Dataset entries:
◇ ◇ ◇ ◇ ◇

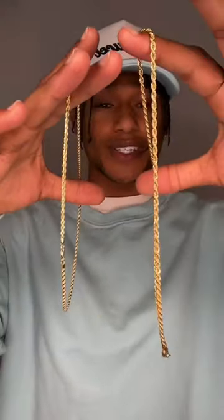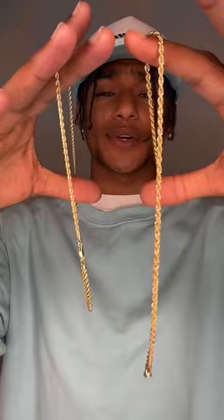You can obviously see that the three millimeter is actually a lot bigger in width, even though it's only one millimeter difference. I'm going to put them both on just to show you what they both look like.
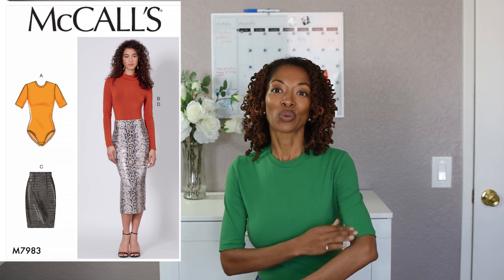The second make is actually this top that I'm wearing — it's a bodysuit. It is McCall 7983 and I made view A with these shorter sleeves. I really like where the sleeves stop. I purchased this fabric from Joann Fabrics — this is the fabric I shared in the video when I was shopping. I said I wanted to make a turtleneck, but instead I decided to make a bodysuit. I really love this Kelly green color.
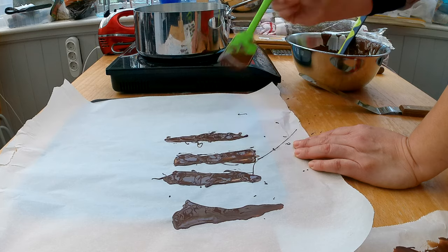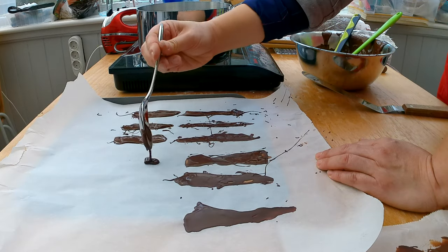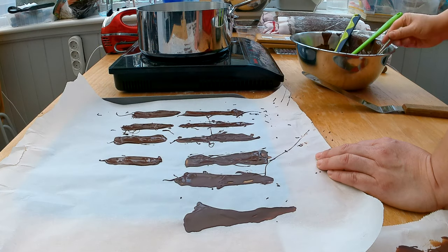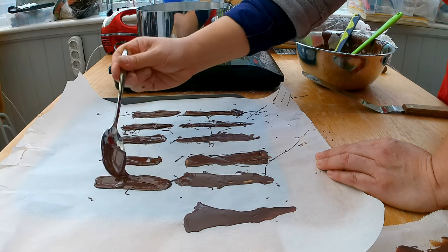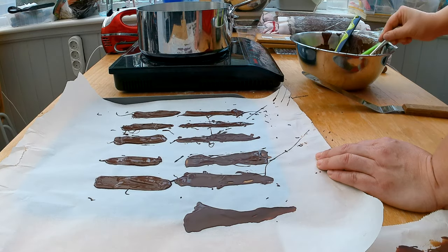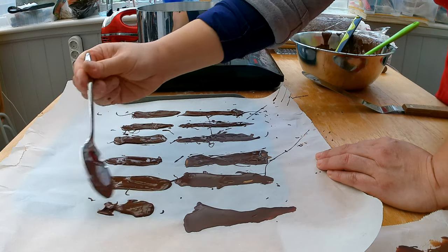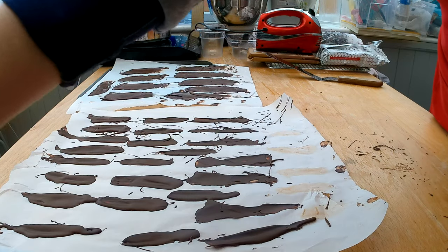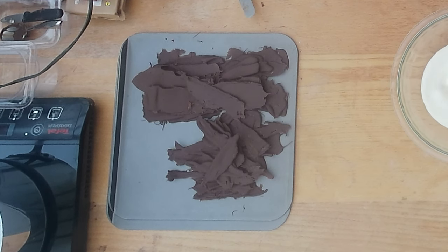With different sized spatulas or a spoon, spread the chocolate over prepared baking paper. Depending on the temperature of your workspace, the chocolate will solidify within a few minutes. If you're in Florida or a warmer area, it may take a little bit longer, so you can pop it into the freezer or fridge for a few minutes. When the chocolate is solidified, take a cake spatula and carefully lift the chocolate bark from the baking sheet, then put it aside for later.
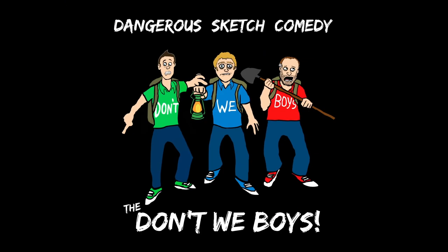And that's how you use beer to make America great again. America's got a nice mouth feel. We show you how to do it yourself, don't we boys?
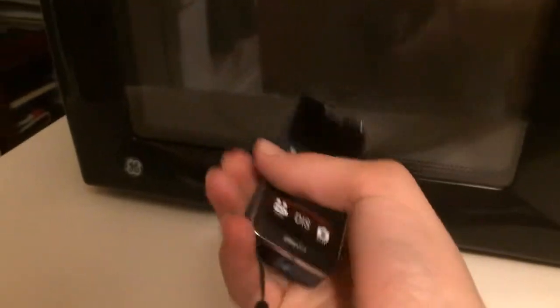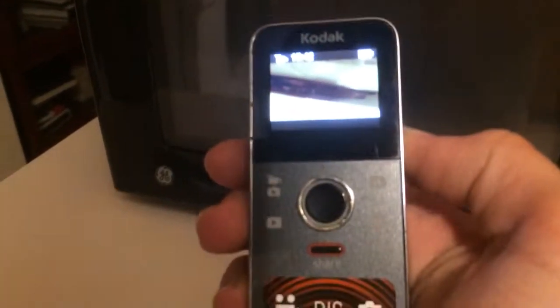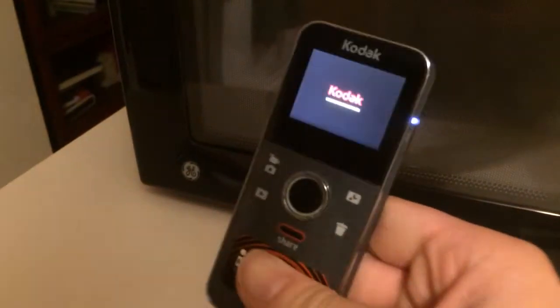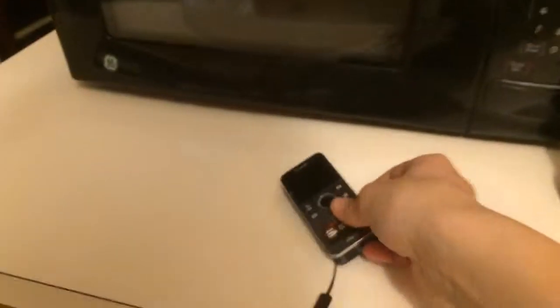Oh, it's not hot at all actually. Let's see — and it still works! So you can put your Kodak camera in the microwave and it will still work. Cool.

◇ ◇ ◇ ◇ ◇

## Task to complete
Above are the records; set down exactly the lines from the line containing "And that's how" through their last line, leaving every picture out.

## Exercise answer
And that's how you use beer to make America great again. America's got a nice mouth feel. We show you how to do it yourself, don't we boys?
Oh, it's not hot at all actually. Let's see — and it still works! So you can put your Kodak camera in the microwave and it will still work. Cool.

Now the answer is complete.